Il lui rappela la phrase que tout maître d’école aimait répéter souvent à son élève:
Bất nhượng ư sư
Không nên nhường thầy.
Ne concède pas ce que tu mérites pour ton maître.
Ému par ces conseils, Phạm Duy Trĩ acquiesça de la tête et retint ce que son maître lui avait dit. Il réussit à ce concours royal et obtint le titre de Trạng nguyên ( 1er docteur ).
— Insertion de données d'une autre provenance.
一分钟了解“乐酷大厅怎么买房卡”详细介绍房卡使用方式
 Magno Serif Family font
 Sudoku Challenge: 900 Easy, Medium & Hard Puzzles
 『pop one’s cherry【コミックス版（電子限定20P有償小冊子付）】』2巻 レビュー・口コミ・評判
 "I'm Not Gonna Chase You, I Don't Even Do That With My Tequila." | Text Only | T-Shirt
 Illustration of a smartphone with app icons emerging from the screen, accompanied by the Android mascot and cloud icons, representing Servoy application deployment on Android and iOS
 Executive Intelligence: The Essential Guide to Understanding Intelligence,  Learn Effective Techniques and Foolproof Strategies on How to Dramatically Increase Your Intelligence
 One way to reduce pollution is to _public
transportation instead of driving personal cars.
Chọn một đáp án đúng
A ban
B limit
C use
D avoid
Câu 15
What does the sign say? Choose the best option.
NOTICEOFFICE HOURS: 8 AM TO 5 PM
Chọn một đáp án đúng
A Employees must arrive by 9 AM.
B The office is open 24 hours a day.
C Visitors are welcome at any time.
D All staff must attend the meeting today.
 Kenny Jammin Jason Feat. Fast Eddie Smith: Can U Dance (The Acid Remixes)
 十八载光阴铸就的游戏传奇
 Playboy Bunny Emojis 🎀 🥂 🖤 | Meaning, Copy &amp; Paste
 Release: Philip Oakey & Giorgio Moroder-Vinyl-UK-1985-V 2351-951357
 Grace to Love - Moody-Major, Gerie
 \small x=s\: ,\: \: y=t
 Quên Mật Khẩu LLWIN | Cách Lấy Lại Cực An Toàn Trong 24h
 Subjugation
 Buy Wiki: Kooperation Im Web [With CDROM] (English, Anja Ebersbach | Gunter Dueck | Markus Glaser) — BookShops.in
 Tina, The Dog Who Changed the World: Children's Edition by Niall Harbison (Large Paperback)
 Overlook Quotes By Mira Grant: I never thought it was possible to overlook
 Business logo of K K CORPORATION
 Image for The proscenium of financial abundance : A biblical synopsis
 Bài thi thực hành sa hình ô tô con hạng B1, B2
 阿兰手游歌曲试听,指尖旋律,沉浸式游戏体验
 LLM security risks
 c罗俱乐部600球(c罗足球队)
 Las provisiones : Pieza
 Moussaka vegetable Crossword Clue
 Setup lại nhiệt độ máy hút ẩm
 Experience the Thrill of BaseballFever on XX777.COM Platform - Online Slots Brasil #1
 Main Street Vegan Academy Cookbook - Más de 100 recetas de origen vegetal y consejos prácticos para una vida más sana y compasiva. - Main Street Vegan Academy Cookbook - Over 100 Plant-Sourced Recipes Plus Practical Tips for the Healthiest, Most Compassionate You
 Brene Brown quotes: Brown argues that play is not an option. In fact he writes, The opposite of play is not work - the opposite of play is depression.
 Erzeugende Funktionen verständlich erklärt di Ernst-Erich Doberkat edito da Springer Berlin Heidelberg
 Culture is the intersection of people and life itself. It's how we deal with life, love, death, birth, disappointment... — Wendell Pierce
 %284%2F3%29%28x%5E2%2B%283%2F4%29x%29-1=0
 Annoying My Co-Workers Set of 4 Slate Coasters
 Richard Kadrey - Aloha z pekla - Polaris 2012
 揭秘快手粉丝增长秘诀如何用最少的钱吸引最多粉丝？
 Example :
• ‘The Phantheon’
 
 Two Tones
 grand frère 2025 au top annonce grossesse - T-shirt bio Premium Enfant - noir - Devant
Quant à son maître, il fut classé second et reçut le titre de Bảng Nhãn ( ou 2è docteur ).
Les sentiments que le Vietnamien a pour son maître ne s’effacent jamais avec le temps, ce qu’a montré le seigneur Nguyễn Phúc Nguyên à l’égard de son maître spirituel et son conseiller Ðào Duy Từ . Pour le remercier, le seigneur Nguyễn Phúc Nguyên n’hésita pas à lui rendre un vibrant hommage en donnant à l’une de ses fortifications se trouvant dans le centre du Vietnam le nom « Lũy Thầy (fortification du maître). Celle-ci a été construite dans le but de contrer les Trịnh au Nord Viêt-Nam. Grâce à cette appellation, il réussît à donner une grande portée à sa reconnaissance à travers l’histoire et la nation entière. Cette fortification continue à être connue encore aujourd’hui avec ce nom.
Par contre ces sentiments deviennent au fil des années une sorte de ciment qui lie un peu plus le Vietnamien à son école, à son village et à sa terre natale. Ils sont aussi un gage d’affection et de respect que le Vietnamien aime donner à son maître dans son esprit confucéen.